In Hinblick auf den Prognosegehalt eines (Sonder-)Wirtschaftsplanes besteht bei der Kalkulation der voraussichtlichen Kosten einer so zu finanzierenden Maßnahme sicherlich ein gewisser Spielraum, der auch zukünftige Änderungen in den voraussichtlichen Kosten mit einbezieht. Die Höhe der bei den Wohnungseigentümern anzufordernden Vorschüsse muss allerdings eindeutig im Beschluss festgelegt werden. Zudem muss ein Wirtschaftsplan wenigstens den konkreten Zweck der zu finanzierenden Maßnahmen und deren voraussichtlichen Umfang und die konkret veranschlagten Kosten erkennen lassen. Daran fehlt es hier.
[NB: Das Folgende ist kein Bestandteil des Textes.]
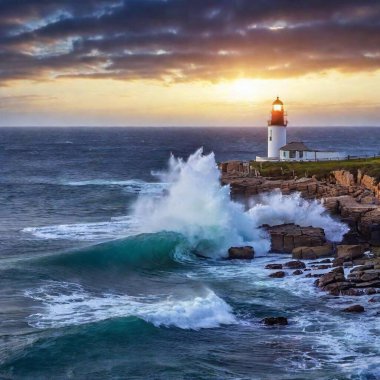 real looking image of a lighthouse standing strong and shining it's light while dangerous waves crash all around it at night clipart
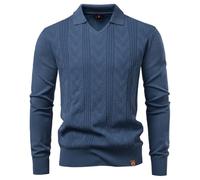 Générique Pulls Homme à Col Polo et col en V Manches Longues Pull Tricoté Classique Pullover Sweater Slim Fit (2,M)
Aus den zu Tagesordnungspunkt 5 nach dem Vorbringen der Klägerin gefassten Beschlüssen ist in keiner Weise erkennbar, welchen Umfang die „Instandsetzung der Gartenanlage zur Gefahrenabwehr“ haben soll. Dies ist unabgrenzbar weit gefasst und nicht nachvollziehbar. Es ist insbesondere ebenfalls nicht nachvollziehbar, wie sich die Maßnahme von allgemeinen Arbeiten, die über den regulären Wirtschaftsplan für das Wirtschaftsjahr bevorschusst und abgerechnet werden, abgrenzen soll. Der Begriff „Gefahrenabwehr“ hilft insoweit auch nicht weiter, als nicht einmal ansatzweise dargelegt wird, welche Gefahren, die abzuwehren sind, überhaupt vorliegen sollen.
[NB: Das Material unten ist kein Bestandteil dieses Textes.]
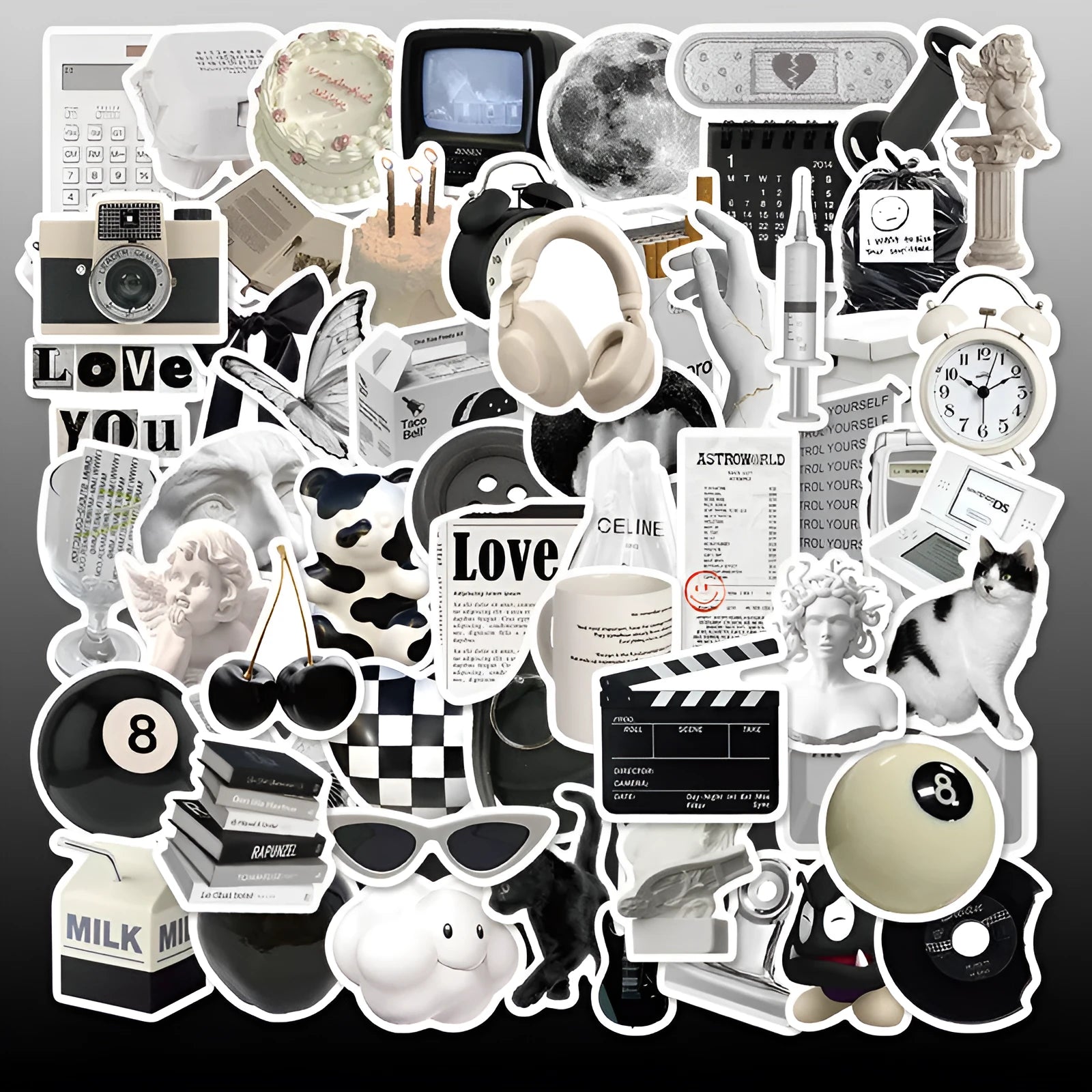 Black and white PVC vinyl sticker pack with 61 pieces for laptops and phones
Hierbei ist zu bedenken, dass Beschlüsse der Wohnungseigentümer nicht nur die Sonderrechtsnachfolger binden, sondern auch dem Verwalter die Aufgabe übertragen, einen solchen Beschluss durchzuführen und über die erhobene Sonderumlage abzurechnen. Es ist offensichtlich, dass ein Verwalter dieser Aufgabe aufgrund der vorgetragenen Beschlussfassung nicht nachkommen kann, weil er nicht weiß, welche Maßnahmen er durchführen und über die Sonderumlage abrechnen soll.
Offensichtlich ist dies auch der Klägerseite nicht klar, denn sie trägt weiter vor, dass unter TOP. 5.3. ein Beschluss gefasst worden sei, der der Verwaltung die Aufgabe zuweist, aktuelle Angebote einzuholen und sie der nächsten außerordentlichen Wohnungseigentümerversammlung zur Beschlussfassung vorzulegen. Im Umkehrschluss folgt daraus, dass derartige Angebote der vorgetragenen Beschlussfassung nicht zugrunde gelegen haben. Auch das von der Klägerseite vorgelegte Angebot eines Gartenbaubetriebes aus dem Jahre 2004 (Bl. 188 ff. d. A.), das mit einer Bruttosumme von 7.872,68 Euro schließt, vermag dies nicht weiter zu erhellen, was bereits aufgrund des Alters des Kostenvoranschlages auf der Hand liegt. Die Mängel der vorgetragenen Beschlussfassung sind so gravierend, dass dies die Nichtigkeit zur Folge hat. Es ist nicht einmal eine konkrete Höhe der Sonderumlage beschlossen worden. Die vorgetragene Beschlussfassung ist allenfalls als Absichtserklärung und Ermächtigung an die Verwaltung zur weiteren Planung und zum Einholen von Angeboten tauglich, nicht jedoch als Grundlage eines konkreten Zahlungsanspruchs.
Die mit der Klage geltend gemachten Nebenforderungen teilen das Schicksal der Hauptforderung; sie sind nicht begründet.
Die Kosten des Rechtsstreites hat die Klägerin nach § 91 Abs. 1 ZPO als unterlegene Partei zu tragen.
Der Ausspruch zur vorläufigen Vollstreckbarkeit folgt aus § 709 ZPO.